Coding is a skill. Just like any other skill, it feels very challenging until you get the hang of it. The best part is – you need to get the hang only once, with only one language. After that, learning other programming languages gets much easier. How to avoid the most common pitfalls and get the hang of your first programming language quickly? Read on.
It doesn’t matter which language you start with. Yes, some are easier than the others. But the choice is upto you – depending on whether you’re a computer science student with “programming” in your curriculum, or an employee wanting to switch to a coding career, or a business owner willing to gain some coding skills, the language you start with entirely depends on what your goals are. If you haven’t started on anything yet, I would suggest HTML & CSS (despite the argument that they are not really “programming” languages). Here’s why. But otherwise, let’s assume that you’ve already picked your language and started on your learning journey.
Every code-newbie I’ve mentored has made at least one of the three mistakes below:
1. Wanting to remember all the syntax throughout
The one thing that slows down almost every sincere learner is the overwhelming amount of terms / commands to learn and remember. If terms aren’t enough, you also need to remember special characters like semicolon, backslash, forward slash, dot, single quotes, double quotes, curly braces and which one to use where – all this known as “syntax”. And because our education system expects us to”remember” everything and reproduce in our exams, sadly we believe that if we can’t remember it all, we’re bad at coding. That’s wrong!
You don’t have to remember all the syntax of a language to become a great coder!
I’m not saying “don’t remember”. I’m just saying “you don’t need to”. If you are gifted with great memory, please go ahead – it definitely saves your time. But trying to remember it all slows you down. It’s not necessary. In fact, you don’t even have to remember 10% of the commands/syntax of a language to master it. As unbelievable as this sounds, it’s true. So instead of investing your energy into memorizing this stuff, know where to look it up.
Coding is almost like writing an “open-book” exam, where you’re allowed to take the subject book along with you to the exam hall and you can literally copy the answers. So the actual challenge is in finding the right answer! You should have read the book at least once to know the concepts and where to find them when you need. So, what I mean to say is, go through your complete tutorial or book or documentation at least once. Bookmark the important and most used topics or commands so that you can find them quickly when you need. And know that it’s TOTALLY OKAY to copy and paste!
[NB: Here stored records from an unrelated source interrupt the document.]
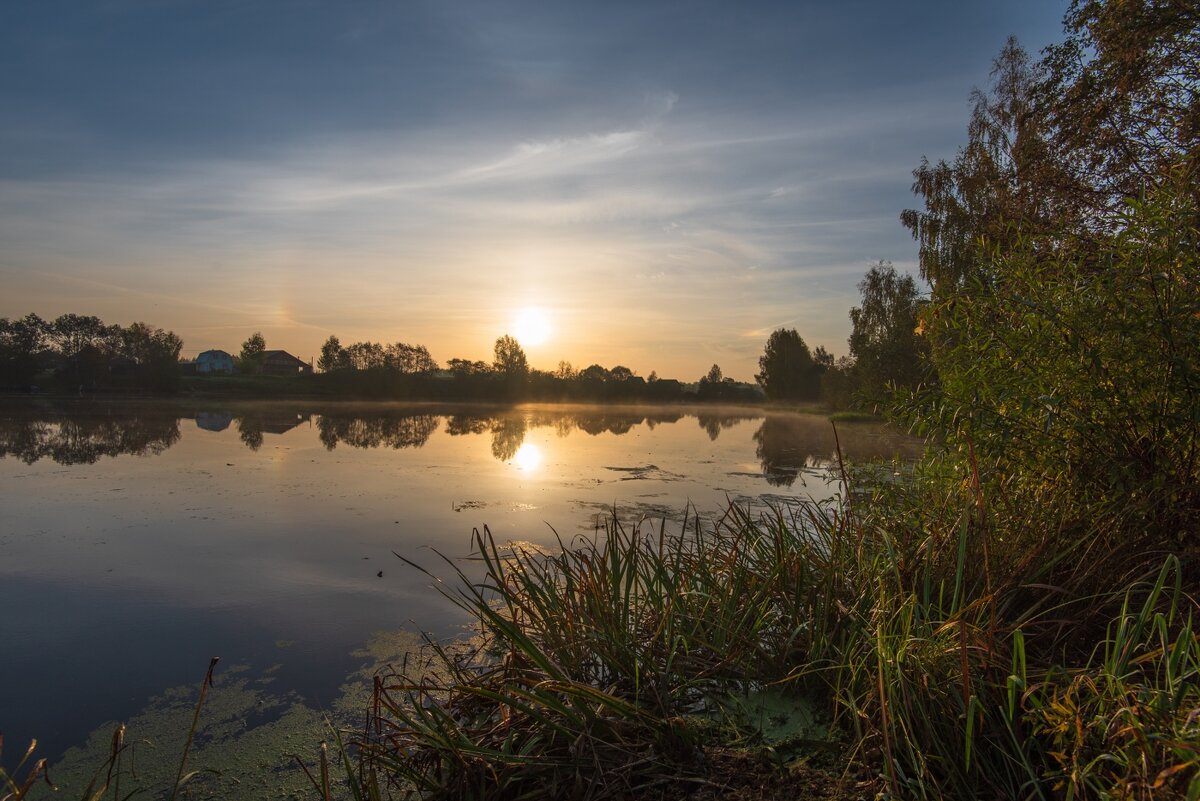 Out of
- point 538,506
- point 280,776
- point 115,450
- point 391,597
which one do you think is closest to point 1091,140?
point 538,506

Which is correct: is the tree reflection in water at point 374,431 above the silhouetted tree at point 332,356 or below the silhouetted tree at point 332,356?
below

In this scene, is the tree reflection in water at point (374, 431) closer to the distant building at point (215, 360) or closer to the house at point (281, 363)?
the house at point (281, 363)

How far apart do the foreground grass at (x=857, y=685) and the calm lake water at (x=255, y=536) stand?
1982 millimetres

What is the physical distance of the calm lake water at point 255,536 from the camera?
4480 millimetres

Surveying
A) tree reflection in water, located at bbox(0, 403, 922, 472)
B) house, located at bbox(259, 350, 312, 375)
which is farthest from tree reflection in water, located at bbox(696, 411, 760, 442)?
house, located at bbox(259, 350, 312, 375)

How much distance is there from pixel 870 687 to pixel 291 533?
25.5 ft

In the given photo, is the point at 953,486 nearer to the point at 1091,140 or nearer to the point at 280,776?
the point at 280,776

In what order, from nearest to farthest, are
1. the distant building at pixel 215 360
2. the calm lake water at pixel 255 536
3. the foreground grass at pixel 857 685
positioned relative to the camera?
the foreground grass at pixel 857 685 < the calm lake water at pixel 255 536 < the distant building at pixel 215 360

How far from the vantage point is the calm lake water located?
4.48 metres

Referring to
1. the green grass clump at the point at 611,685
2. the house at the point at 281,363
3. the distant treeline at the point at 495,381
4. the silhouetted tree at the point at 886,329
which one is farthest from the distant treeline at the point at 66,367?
the green grass clump at the point at 611,685

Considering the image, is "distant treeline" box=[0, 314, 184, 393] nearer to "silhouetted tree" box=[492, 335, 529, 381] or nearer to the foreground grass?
"silhouetted tree" box=[492, 335, 529, 381]

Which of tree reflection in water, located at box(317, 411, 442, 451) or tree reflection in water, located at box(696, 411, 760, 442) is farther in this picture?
tree reflection in water, located at box(696, 411, 760, 442)

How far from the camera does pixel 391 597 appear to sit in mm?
A: 6090

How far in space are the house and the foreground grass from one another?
269ft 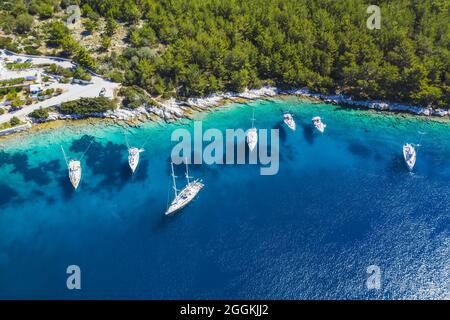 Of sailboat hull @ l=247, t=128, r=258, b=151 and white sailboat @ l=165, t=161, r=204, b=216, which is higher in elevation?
sailboat hull @ l=247, t=128, r=258, b=151

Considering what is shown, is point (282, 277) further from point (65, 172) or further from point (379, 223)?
point (65, 172)

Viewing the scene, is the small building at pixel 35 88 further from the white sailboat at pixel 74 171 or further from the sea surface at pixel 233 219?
the white sailboat at pixel 74 171

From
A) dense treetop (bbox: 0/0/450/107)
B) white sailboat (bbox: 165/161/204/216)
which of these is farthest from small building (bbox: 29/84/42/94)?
white sailboat (bbox: 165/161/204/216)

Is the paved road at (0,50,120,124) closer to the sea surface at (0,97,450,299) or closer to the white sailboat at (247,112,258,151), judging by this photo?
the sea surface at (0,97,450,299)

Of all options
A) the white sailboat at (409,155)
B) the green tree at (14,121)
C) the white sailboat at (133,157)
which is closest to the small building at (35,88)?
the green tree at (14,121)

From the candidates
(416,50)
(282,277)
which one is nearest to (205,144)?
(282,277) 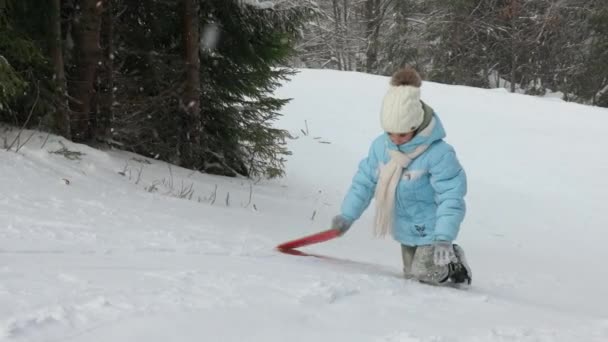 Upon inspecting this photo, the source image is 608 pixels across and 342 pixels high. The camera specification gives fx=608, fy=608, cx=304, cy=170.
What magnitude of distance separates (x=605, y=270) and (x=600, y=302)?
1962 millimetres

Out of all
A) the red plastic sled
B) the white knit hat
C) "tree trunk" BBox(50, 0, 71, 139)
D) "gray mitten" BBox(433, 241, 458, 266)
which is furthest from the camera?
"tree trunk" BBox(50, 0, 71, 139)

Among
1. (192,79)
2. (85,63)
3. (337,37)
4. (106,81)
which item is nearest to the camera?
(85,63)

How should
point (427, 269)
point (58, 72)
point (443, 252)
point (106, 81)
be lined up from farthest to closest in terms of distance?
point (106, 81)
point (58, 72)
point (427, 269)
point (443, 252)

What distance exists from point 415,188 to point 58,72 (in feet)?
12.9

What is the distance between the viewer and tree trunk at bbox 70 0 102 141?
20.7 ft

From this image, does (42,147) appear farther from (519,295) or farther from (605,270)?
(605,270)

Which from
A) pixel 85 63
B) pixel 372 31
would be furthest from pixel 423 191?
pixel 372 31

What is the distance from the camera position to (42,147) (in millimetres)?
5188

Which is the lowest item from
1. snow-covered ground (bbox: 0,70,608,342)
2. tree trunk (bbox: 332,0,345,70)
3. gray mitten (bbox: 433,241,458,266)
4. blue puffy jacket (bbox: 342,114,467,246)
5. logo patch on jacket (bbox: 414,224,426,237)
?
snow-covered ground (bbox: 0,70,608,342)

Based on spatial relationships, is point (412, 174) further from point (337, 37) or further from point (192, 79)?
point (337, 37)

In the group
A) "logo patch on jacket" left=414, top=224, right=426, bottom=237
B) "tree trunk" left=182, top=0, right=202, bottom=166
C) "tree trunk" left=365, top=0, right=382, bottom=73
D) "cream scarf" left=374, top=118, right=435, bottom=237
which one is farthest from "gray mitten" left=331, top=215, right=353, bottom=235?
"tree trunk" left=365, top=0, right=382, bottom=73

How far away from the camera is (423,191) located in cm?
372

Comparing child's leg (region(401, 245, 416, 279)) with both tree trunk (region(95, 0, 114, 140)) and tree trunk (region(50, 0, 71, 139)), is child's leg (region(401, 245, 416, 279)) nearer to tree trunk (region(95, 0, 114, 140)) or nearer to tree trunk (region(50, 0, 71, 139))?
tree trunk (region(50, 0, 71, 139))

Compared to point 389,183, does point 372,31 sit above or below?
above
I recommend creating “Cheat sheets” (you could call them notes), where you list down the commands, how to use them, where to use them etc., print this document and paste it on the wall in front of you while coding. When I initially gave this tip to a student of mine, he said he was uncomfortable using the phrase “Cheat sheet”, because he felt like he was cheating. He preferred to call it “Reference sheet” instead. But after 5 weeks of constant reinforcement that it’s okay to look up the commands and copy, he now codes much faster!
When you cannot make a reference list of everything, Google comes to your rescue.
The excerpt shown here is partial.